Emmanuel Adeyemi’s works are about tapping into our subconscious by connecting with nature and the universe around us. He urges the viewer to look beyond the surface. He believes that the disharmony in this world is caused by our ignorance to the fact that we are layered human beings. 

“Once we are able to unite within ourselves, that unity will be reflected in the world,” he said. His interest lies in human relationships, transforming the earth and challenging perspectives as well as perceptions. Using foam, damask and acrylic on canvas, Adeyemi often enjoys working outdoors. Some of his works at the show include The Home Gym, Conscious Fantasy and A Time Travel occurred While Going Down Memories.’’

A digital collage artist from Johannesburg, South Africa, Thuthukani Myeza began his digital collages from the first phase of the pandemic in 2020 to seek solace and refuge. His work explores the beauty and dread of being black influenced by apartheid, segregation, pre-colonial and colonial Africa. 

Myeza’s works are about the power of narrative.  He relishes the power to tell the stories of his people. In the body of works, he retold stories. His works redraw the lines and boundaries of what we have accepted as fact and truth with the works he juxtaposes in his images prompting the viewer to ask questions about their history and reality.

“I discovered that parts of our history were not taught in schools. The beauty of a continent is still held hostage in the museums and the galleries of the oppressors’ descendants.
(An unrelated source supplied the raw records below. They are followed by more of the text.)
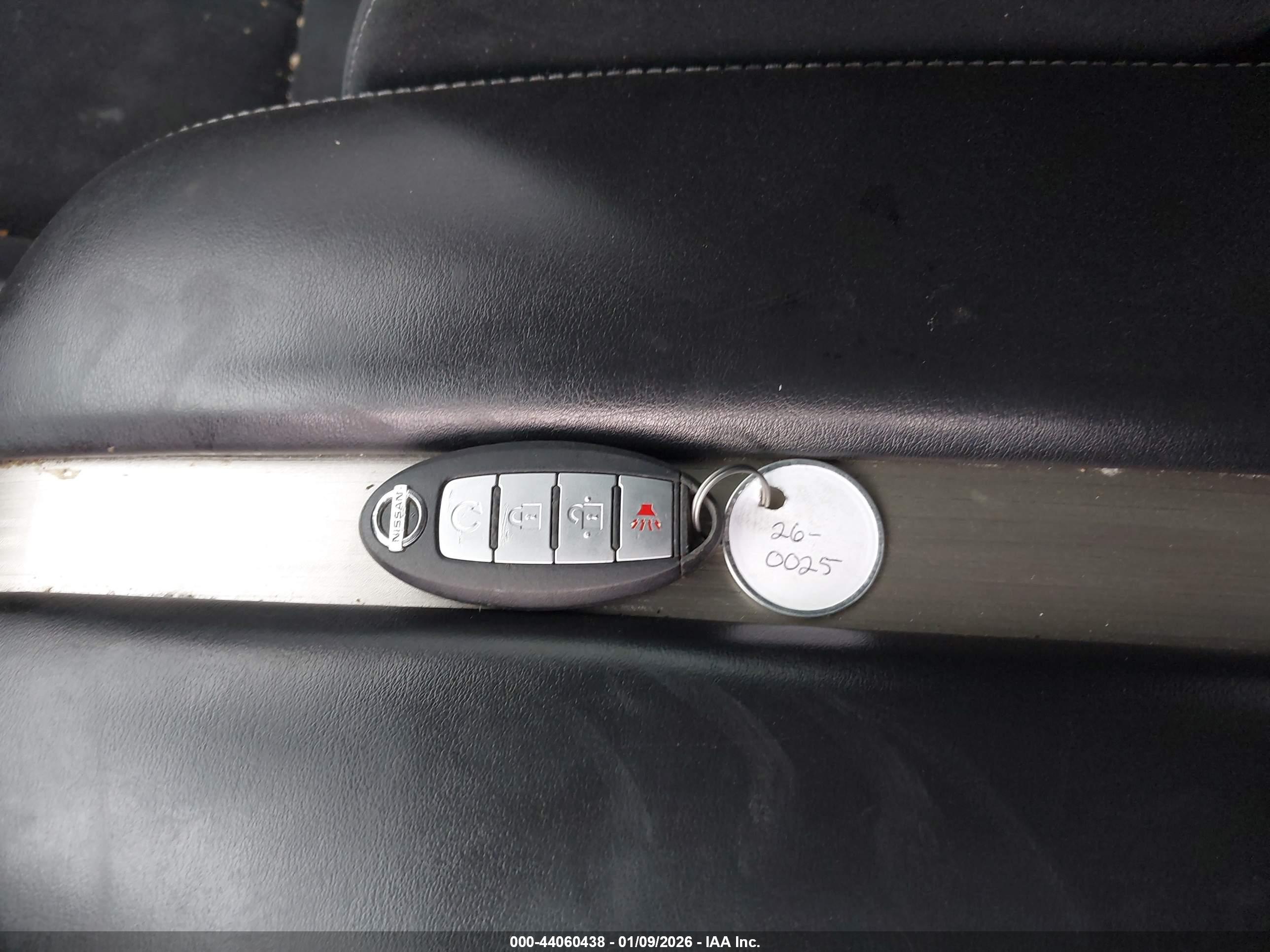 NISSAN MURANO image 11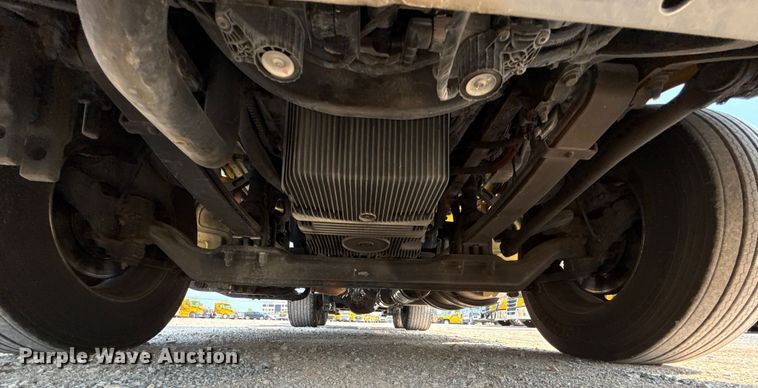 image for item EU2039 2022 Kenworth T680 semi truck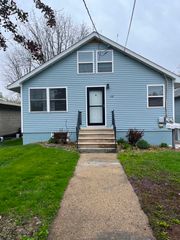 407 E  Exchange St #A, Sycamore, IL 60178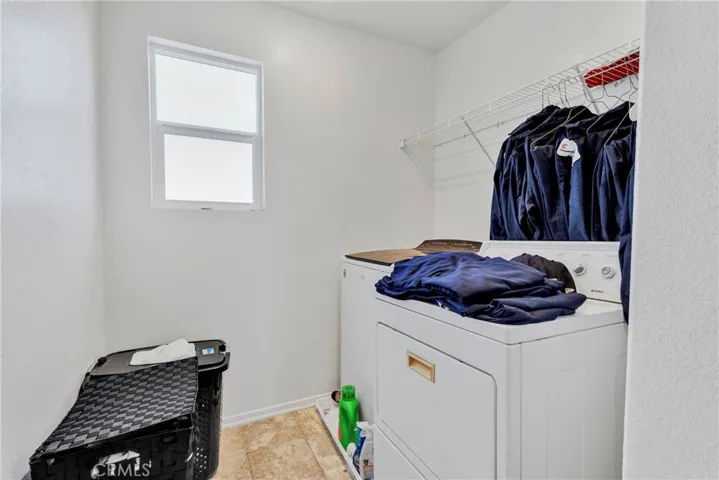 12982 9th Avenue, Victorville, California 92395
My work is a reshaping of narratives hidden behind payrolls and privilege.”

His protest art collection, which include Freedom “As A Struggle, Get Ready Mama and Freedom Debt” is timely as it reflects the journey of universal suffrage in South Africa as well as other fundamental rights of citizens often threatened by forms of tyranny.

Roseleen Labazacchy, who hails from Oyo is preoccupied with celebrating the African women using mixed media and a seamless amalgam of post-impressionism and neo-impressionism.
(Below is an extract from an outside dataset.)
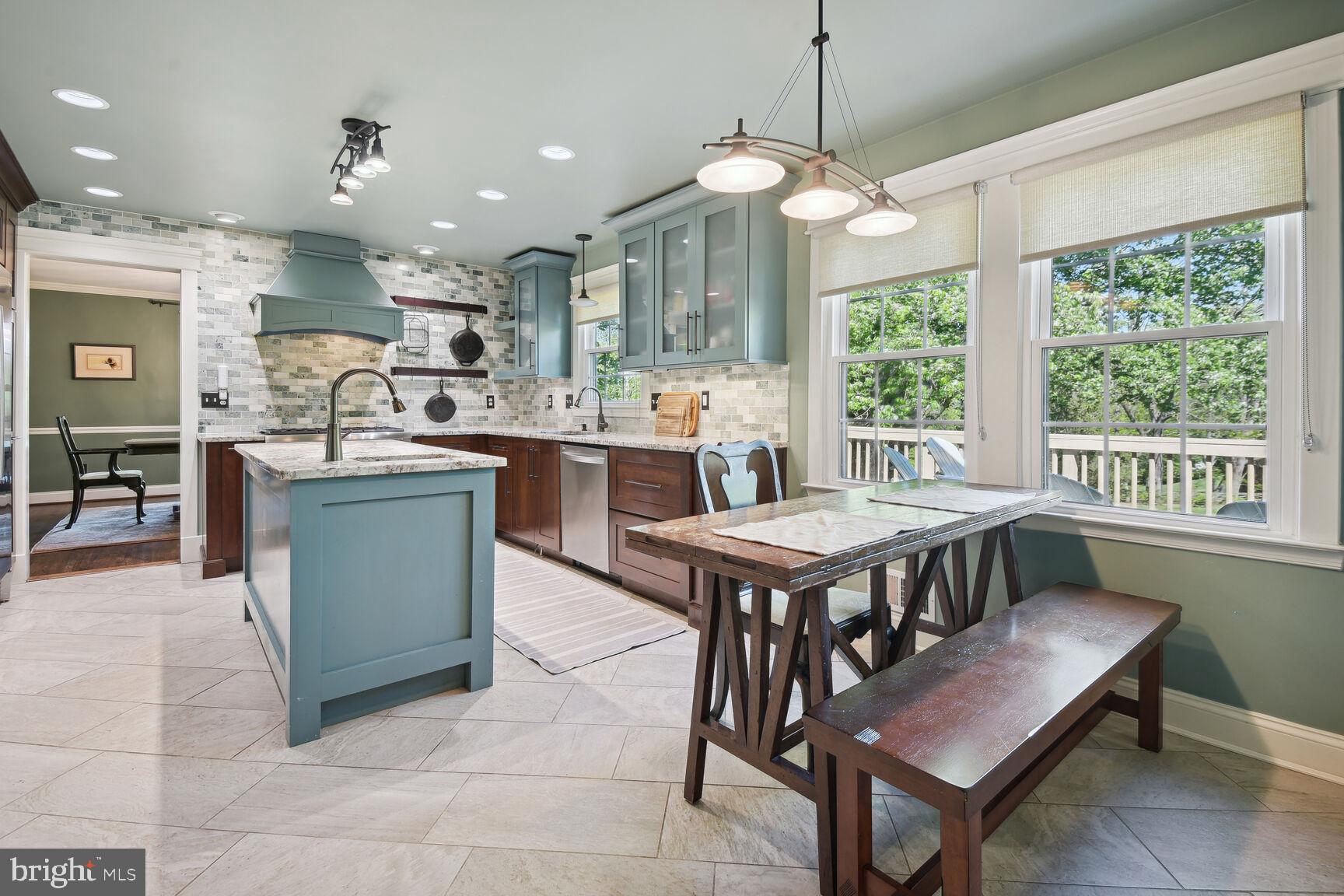 ANCIENT OAK - Residential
“My work focuses on African woman’s dignity,” she explained. “Women are seen as not as powerful as the men. Women are not treated with as much respect as the men.  They blame the women for failure of the homes. I believe in naturalness. I believe that the beauty of the African woman in within and not the makeup. I grew up in Oyo town and I had seen different families and I wanted to change people’s mentality about women. I believe that women should not be financial burden on their husbands. Women should love themselves for them to be able to love the other women. You don’t need to be maltreated to prove their love. Women should have the freedom to choose the men they would want to marry.”

With titles such as “Touch Not”, “Dozing Beauty”, “Echo Within” and “Centre of All”, her works depict African women in bold colours, sometimes militant, sometime defiant, sometimes peaceful but at all-time self-assured.  She appropriates the African tie-dye textile materials adire, some of which she dyes herself to signify the uniqueness of every subject. Her collection is a repository of stories of African women in history, the warriors, the matriarchs, the deities and the queens and kingmakers from whom they originate. Through her works, she inspires women to defy societal odds and become the best versions of themselves. The show runs till September 30.